The recent suspension of the Woodford Equity Income fund has thrust the role of the authorised corporate director into the spotlight.
For understandable reasons it is usually the investment manager who is the public face of a fund, after all it will be their choice of stocks and analysis of macroeconomic conditions that will help to decide whether an investor makes an attractive return or not.
However, behind the scenes, it is the authorised fund manager that carries the regulatory responsibilities for operating the fund and it is they who are accountable to the Financial Conduct Authority.
The most common fund structure in the UK is the open-ended investment company and the authorised fund manager for an OEIC is called the authorised corporate director.

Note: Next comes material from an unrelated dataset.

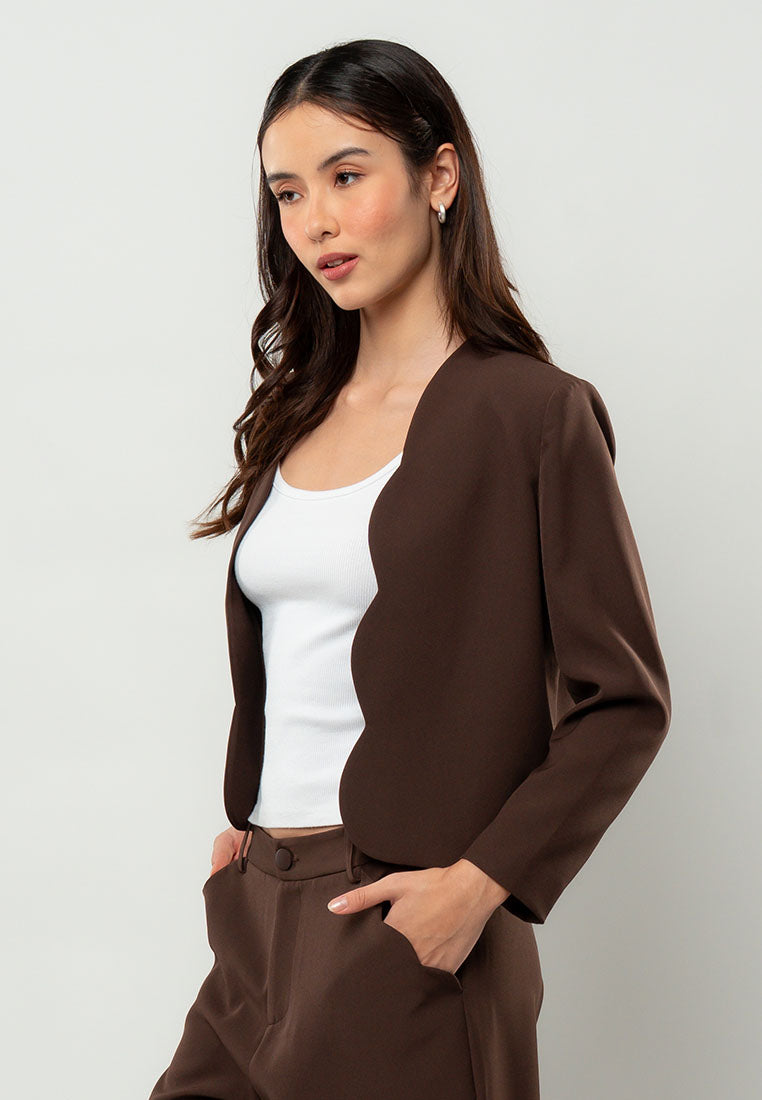 Rhian Scalloped Cropped Blazer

• The authorised corporate director has ultimate regulatory responsibility for a fund and is accountable to the FCA
• The director acts as an independent steward protecting the interests of investors in a fund
• The director oversees the investment manager to ensure the fund is run in accordance with its stated objectives and with FCA rules and principles
Protecting investors’ interests
The role of the authorised corporate director is an essential one in protecting the best interests of every investor in the fund; the director acts as an independent steward ensuring that the investment team, and those marketing and distributing the fund, are doing what they should.
While in larger fund groups the director role will often be performed in-house, many investment boutiques, wealth managers and independent financial advice companies running their own funds prefer to appoint an independent host director company to do the job.
That leaves the investment boutique or adviser company, known as the fund’s ‘sponsor’, free to concentrate on investment management, marketing and distribution.
The FCA’s expectations of the authorised corporate director are considerable and properly fulfilling such an important fiduciary duty for investors requires significant resources and breadth of expertise.
Investment manager oversight
What has made headlines recently is the authorised corporate director’s role in providing oversight of the investment manager, although the responsibilities are much wider than this.
Overseeing the investment manager means ensuring that the fund is being managed in accordance with its stated investment objectives and policies.
Also, that it remains within its investment and borrowing powers and complies with FCA regulations in areas such as the 10 per cent limit on unlisted holdings in a undertakings for collective investment in transferable securities portfolio.
The director must facilitate and ensure proper valuation of all holdings – listed and unlisted.
They must check the fund is only investing in eligible assets and, where it is included in an Investment Association sector, that it is being managed in accordance with sector requirements.
Ensuring the investment manager is complying with all of these requirements and, if they are not, having the necessary relationship with them to intervene effectively, requires a host director company to not only have resources, but the authority that comes with expertise and experience.